Vegetation is larger here, though not rain forest mossy yet.

Descents are always interesting as you go through one climate after another.  We were in alpine tundra when we started, with plants only a few inches tall at the most and very dry.  Then the plants began to be taller and more succulent, and there was a profusion of blooms across the meadows.  Below that, maybe an hour and a half from the top, the plants were well over our heads--ferns, devil's club, pushki--and I was very grateful that they'd trimmed the brush a foot out on both sides of the trail.  The trimming made the difference between this being a very nice hike or a miserable hike.  Impressively, even at the lower elevations, the pushki had not even flowered or bloomed yet (it has been done for weeks on the rest of the peninsula), there were no berries on the devil's club and the ferns were still unfurling.  This area got hit extremely hard with snow this past winter, so I suspect the trail has not been open as long as usual.  We only came across snow right on the trail at mile7.5, though there were patches off to the side here and there over about 1300 feet.  And finally we reached the rain forest, with everything covered with moss, and large hunks of moss hanging from the trees.

Of the people who have hiked this trail, they have stories of it being wet, rainy and cold.  I was prepared for that, but am very grateful that we had a glorious weekend of sunshine and warmth.  There were only 3 bear scats the entire trail, on the Primrose side, old, and down near the trailhead, so we didn't get a strong sense of bear presence along here (the traffic could be a contributing factor!).  On the Lost Lake trail side, there is a cabin that can be reserved.  It is down a separate loop trail, so there are actually 2 routes that can be taken. 

With only a 1500 foot elevation gain, this is a fairly easy longer hike.  For biking there are some sections that are steep or rocky and would be challenging, but much larger sections that would be wonderful biking.  I think I would have to psych myself up for dealing with crowds if I do this again, though perhaps the combination of weather and weekend brought people out in droves.  The views are absolutely incredible and worth coming back for--just choose a clear day!

Thank you, Lynn of Anchorage, for sending my camera back to me!

2 comments:

Craig S. said...

In some ways, I'm glad you didn't have your pictures up yet.
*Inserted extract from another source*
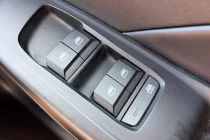 Vehicle Thumbnail 18
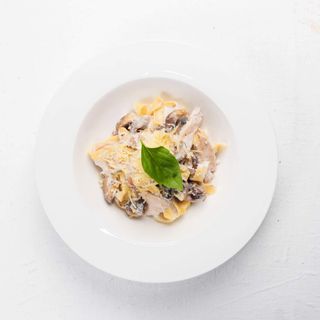 Феттучини с курицей и грибами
You painted an excellent picture with your words, and it sounded like a great trip! Thanks for sharing!

MichelleW said...

I was a bit more descriptive than usual I think because I didn't have the pictures to back up my words. The pictures are necessary I think, though, since many blog readers just skim the pictures and don't bother reading the entry! Meanwhile, I'm checking my mailbox regularly for the camera!